Published Apr 16th, 2018 6:21PM EDT
ZTE, Android, and the US ban
Image: Fernandez/AP/REX/Shutterstock

On Monday morning, the US Department of Commerce hit Chinese phone-maker ZTE with a seven-year ban on any American technology. Under the terms of the ban, which results from a sanctions violation last year, American companies will be banned from selling hardware or software to ZTE.

That’s obviously a blow to ZTE, but cutting off major US companies like Qualcomm from one of the world’s largest smartphone manufacturers will hurt the entire Android ecosystem just as much as it hurts ZTE.

ZTE plead guilty to conspiring to violate US sanctions against Iran and North Korea in a US court last year. Under the terms of its guilty plea, ZTE paid $890 million in fines, and agreed to fire some senior staff, and strip bonuses from 35 others.

But as the Commerce Department revealed in its order filed today, ZTE never reprimanded its 35 lower-level employees, and worse, it made false statements to the Department about its compliance. As a result, the Commerce Department is enacting a seven-year sanction on ZTE, which was part of the initial guilty plea but suspended, pursuant to ZTE carrying out the other steps it promised.

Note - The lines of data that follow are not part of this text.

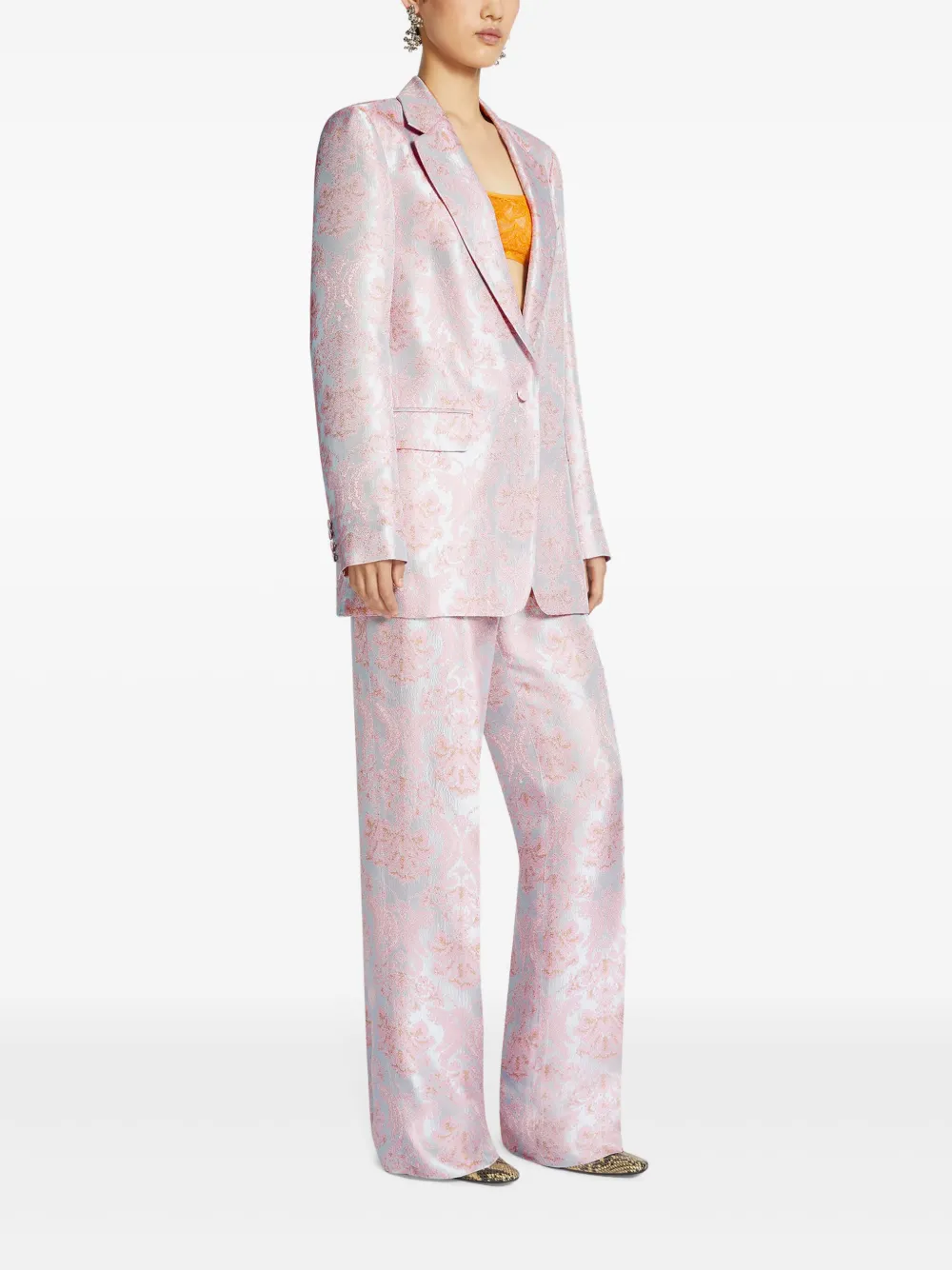 DRIES VAN NOTEN Blazer met bloemenprint Blauw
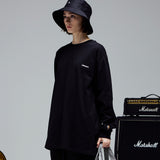 オーバーフィットレタリングロングスリーブT/OVERFIT LETTERING LONG-SLEEVED T-BLACK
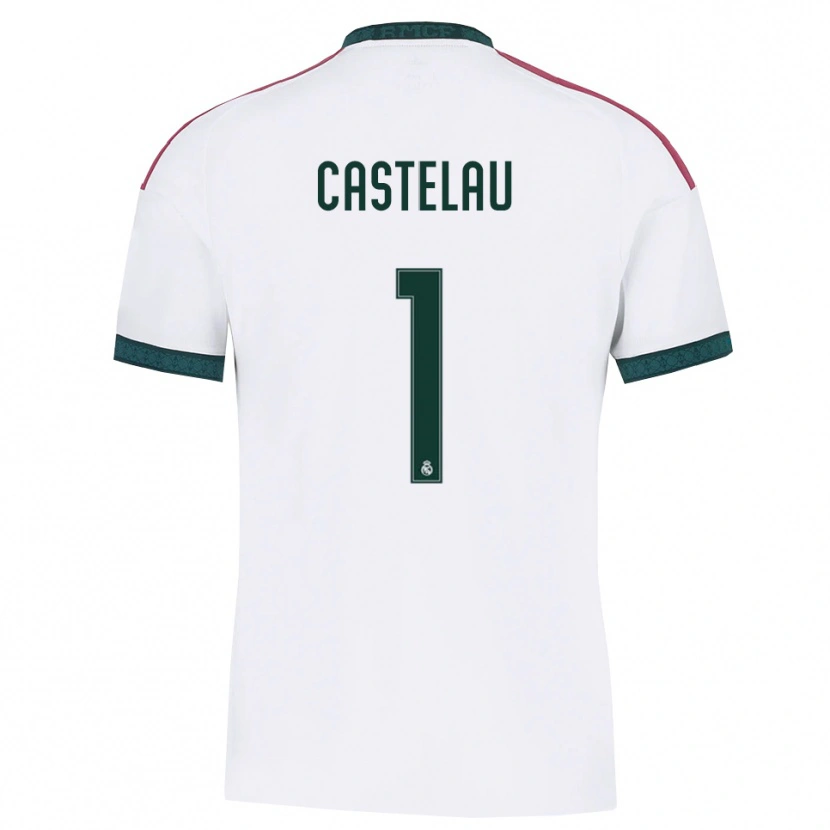 Danxen Heren Alber Castelau #1 Donkergroen Wit Rood Thuisshirt Thuistenue 2026/27 T-Shirt
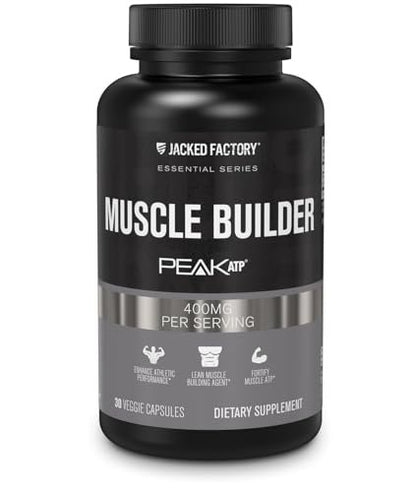 Jacked Factory Essentials Muscle Builder – ATP-Booster für Muskelaufbau & Leistungssteigerung, 30 Kapseln
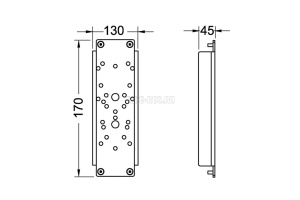 Панель для монтажа ручек с застенным модулем арт. 9.300.009 - 2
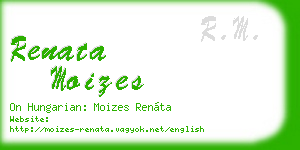 renata moizes business card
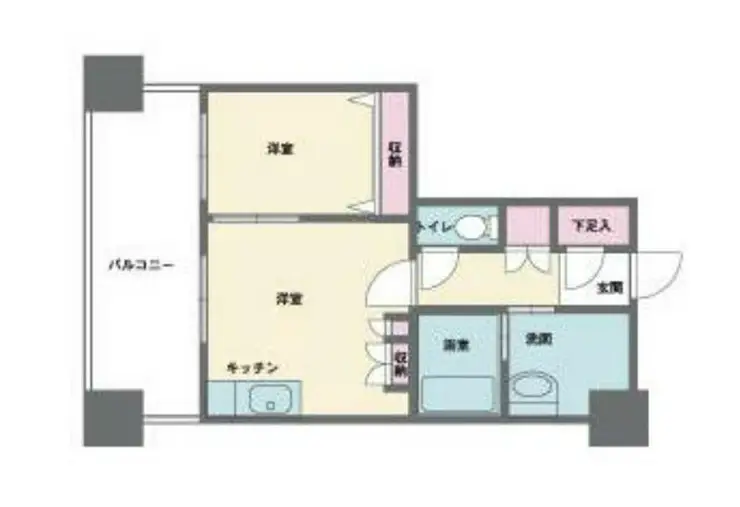 HF西新宿レジデンスWEST 8階階 間取り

“Instead of reprimanding ZTE staff and senior management, ZTE rewarded them. This egregious behavior cannot be ignored,” Secretary of Commerce Wilbur Ross said in a press release.

ZTE is one of the biggest Android manufacturers in China, and a significant player on the global market. It has a small but rising share of the smartphone business in the US. As a company, the bulk of its profits are in network telecommunications devices, but smartphones are the majority of its consumer business.

With the ban now in place, it’s unclear how ZTE can keep competing properly in the smartphone market. A number of its suppliers are in the US, Reuters reports, and that will leave an immediate hole in ZTE’s parts chain that will be difficult to fill. Qualcomm has a near-stranglehold on the best processors available for Android smartphones, and the sactions make it impossible for ZTE to use Qualcomm’s processors in its phones.

Worse, the sanctions may also prevent ZTE from selling phones with the Google apps pre-installed. Android is distributed under an open-source license, so ZTE should be able to keep using that software. However, the core Google apps, including the Play Store and Google search services are included on phones under license from Google, and ZTE likely won’t be able to include Google’s apps going forwards.

All that will have a chilling effect on ZTE’s smartphone development, and that’s bad for the overall Android ecosystem. Samsung has long enjoyed a near-monopoly on flagship Android devices, and its biggest threat has been the rise of Chinese manufacturers. Without access to the best software and hardware, ZTE will struggle to keep competing, and with one less serious manufacturer, everyone involved in Android loses out.